## Instructions for the task:
For this exercise, write out the full listing that follows exactly and skip its pictures.

## Exercise data:
──────────
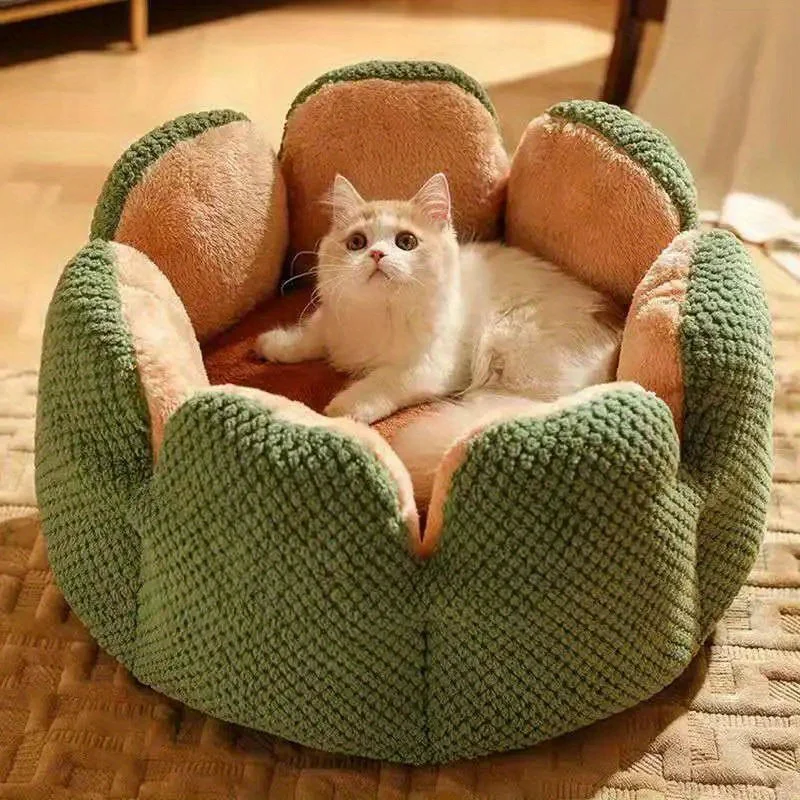 Petal Shaped Pet Bed, Plush Round Dog &Amp; Cat Cushion Mat With Knitted Texture, Ultra Soft Warm Nest For Kittens Puppies In Winter Petal Shaped Pet Bed, Plush Round Dog &Amp; Cat Cushion Mat With Knitted Texture, Ultra Soft Warm Nest For Kittens Puppies In Winter - Image 3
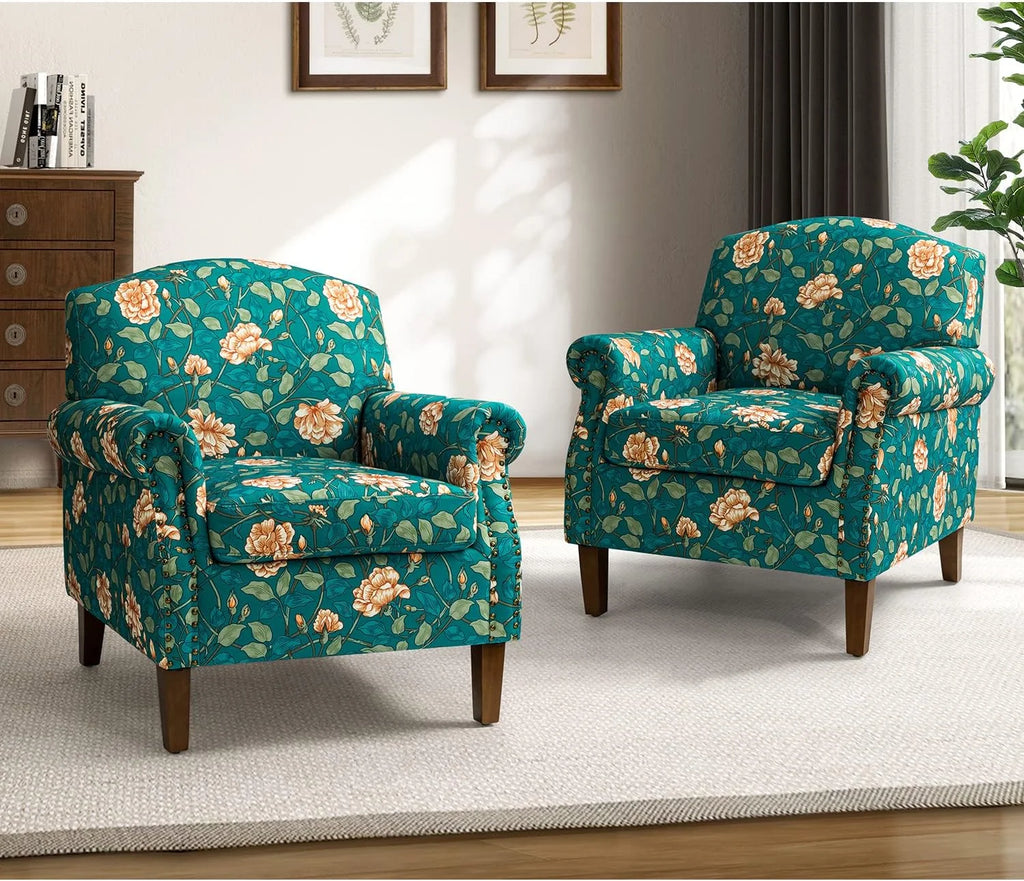 Teal Accent Chair with Wood Legs and Removable Cushion D8656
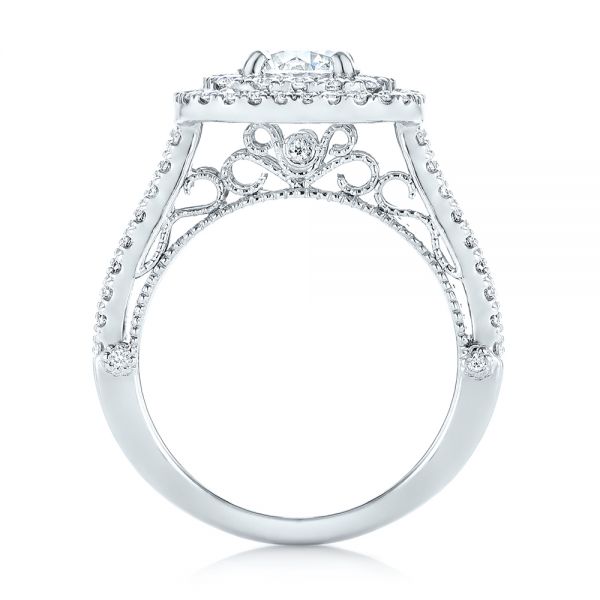 Platinum Custom Diamond Halo Engagement Ring - Front View - 103223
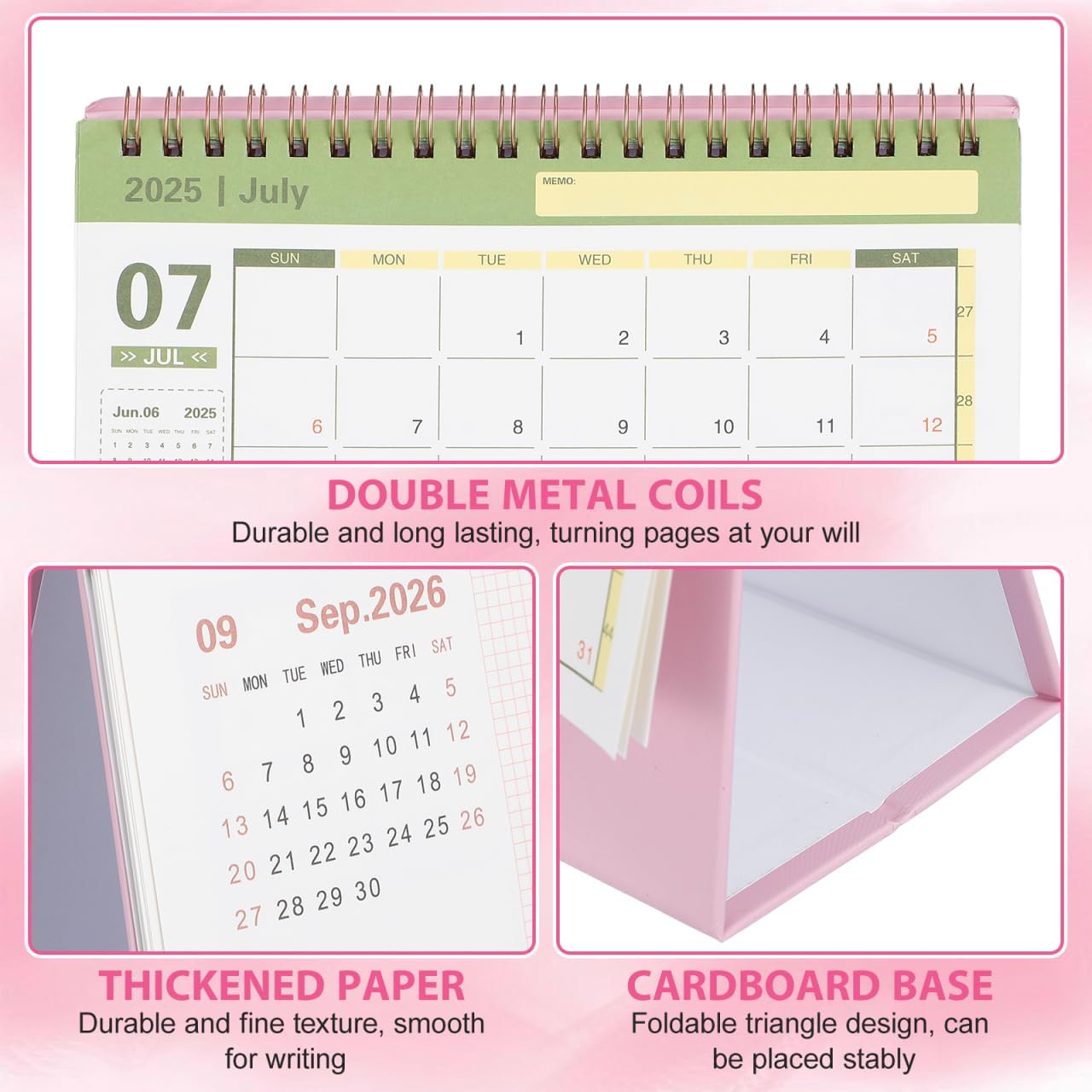 NUOBESTY Desk Calendar 2025-2026 Small Desktop Standing Flip Calendar for Home School Office Monthly Planner Pink 19X16.5Cm image number 6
──────────
## Answer for the task:
 Petal Shaped Pet Bed, Plush Round Dog &Amp; Cat Cushion Mat With Knitted Texture, Ultra Soft Warm Nest For Kittens Puppies In Winter Petal Shaped Pet Bed, Plush Round Dog &Amp; Cat Cushion Mat With Knitted Texture, Ultra Soft Warm Nest For Kittens Puppies In Winter - Image 3
 Teal Accent Chair with Wood Legs and Removable Cushion D8656
 Platinum Custom Diamond Halo Engagement Ring - Front View - 103223
 NUOBESTY Desk Calendar 2025-2026 Small Desktop Standing Flip Calendar for Home School Office Monthly Planner Pink 19X16.5Cm image number 6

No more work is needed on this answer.